Universal observable detecting all two-qubit entanglement and determinant-based separability tests

We construct a single observable, measurement of whose mean value on four copies of an unknown two-qubit state is sufficient to determine unambiguously whether the state is separable or entangled. In other words, there exists a universal collective entanglement witness detecting all two-qubit entanglement. The test is directly linked to a function that characterizes the entanglement quantitatively to some extent. This function is an entanglement monotone under so-called local pure operations and classical communication which preserve local dimensions. Moreover, it provides tight upper and lower bounds for negativity and concurrence. An elementary quantum computing device estimating unknown two-qubit entanglement is designed.

Figure 1

Plot of ${\pi }_2$ versus $N$ (or $C$) for randomly generated density matrices with bounds obtained in (5, 6).
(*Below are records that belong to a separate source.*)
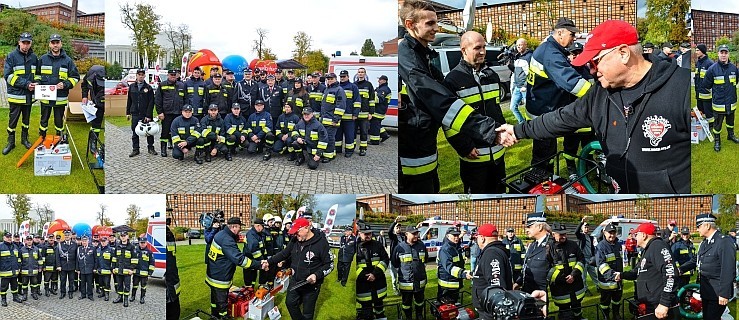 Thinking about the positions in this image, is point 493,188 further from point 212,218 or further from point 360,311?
point 212,218

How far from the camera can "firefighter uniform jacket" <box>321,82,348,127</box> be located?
570cm

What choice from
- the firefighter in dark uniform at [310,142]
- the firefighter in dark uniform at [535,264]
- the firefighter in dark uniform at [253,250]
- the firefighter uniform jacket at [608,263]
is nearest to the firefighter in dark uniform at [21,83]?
the firefighter in dark uniform at [253,250]

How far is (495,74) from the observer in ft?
16.9

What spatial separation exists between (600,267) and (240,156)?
11.1 ft

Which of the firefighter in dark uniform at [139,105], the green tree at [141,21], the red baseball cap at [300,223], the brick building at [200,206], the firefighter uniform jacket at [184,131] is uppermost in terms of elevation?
the green tree at [141,21]

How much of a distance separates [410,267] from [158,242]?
224 cm

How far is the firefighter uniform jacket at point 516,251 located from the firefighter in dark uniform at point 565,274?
0.24 meters

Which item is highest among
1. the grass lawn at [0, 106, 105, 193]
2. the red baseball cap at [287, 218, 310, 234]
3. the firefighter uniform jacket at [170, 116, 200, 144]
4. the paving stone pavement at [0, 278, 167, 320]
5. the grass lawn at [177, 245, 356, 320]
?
the firefighter uniform jacket at [170, 116, 200, 144]

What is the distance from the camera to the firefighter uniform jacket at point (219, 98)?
5699mm

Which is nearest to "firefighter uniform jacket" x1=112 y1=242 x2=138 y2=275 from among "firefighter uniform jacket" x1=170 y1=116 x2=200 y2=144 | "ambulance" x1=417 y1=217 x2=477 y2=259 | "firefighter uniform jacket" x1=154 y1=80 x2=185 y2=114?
"firefighter uniform jacket" x1=170 y1=116 x2=200 y2=144

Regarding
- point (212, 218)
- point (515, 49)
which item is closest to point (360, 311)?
point (212, 218)

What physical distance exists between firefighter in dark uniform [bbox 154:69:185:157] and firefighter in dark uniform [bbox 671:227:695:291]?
455cm

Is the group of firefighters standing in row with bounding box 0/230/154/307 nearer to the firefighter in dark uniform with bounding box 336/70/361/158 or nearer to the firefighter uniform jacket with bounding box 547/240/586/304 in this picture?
the firefighter in dark uniform with bounding box 336/70/361/158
The bound ${\pi }_2\le (1∕2)(N+1)$ obtained from the geometric-arithmetic inequality applied to the absolute values of the eigenvalues of ${\varrho }^{\Gamma }$ is added. The reader is encouraged to consult [37].

Figure 2

Network determining entanglement properties of a two-qubit state by a single measurement of $⟨{\sigma }_z⟩$ on a control qubit. Here $\mid \varphi ⟩=(1∕\sqrt{23})(\sqrt{3}\mid 00⟩+\sqrt{6}\mid 01⟩+\sqrt{8}\mid 10⟩+\sqrt{6}\mid 11⟩)$; unitary $U_i$’s are combinations of SWAP operations such that $\text{Tr}\left(U_i{\varrho }^{\otimes i}\right)={\Pi }_i$. The state would be declared entangled if and only if the measurement yielded a result less than $-1∕23$.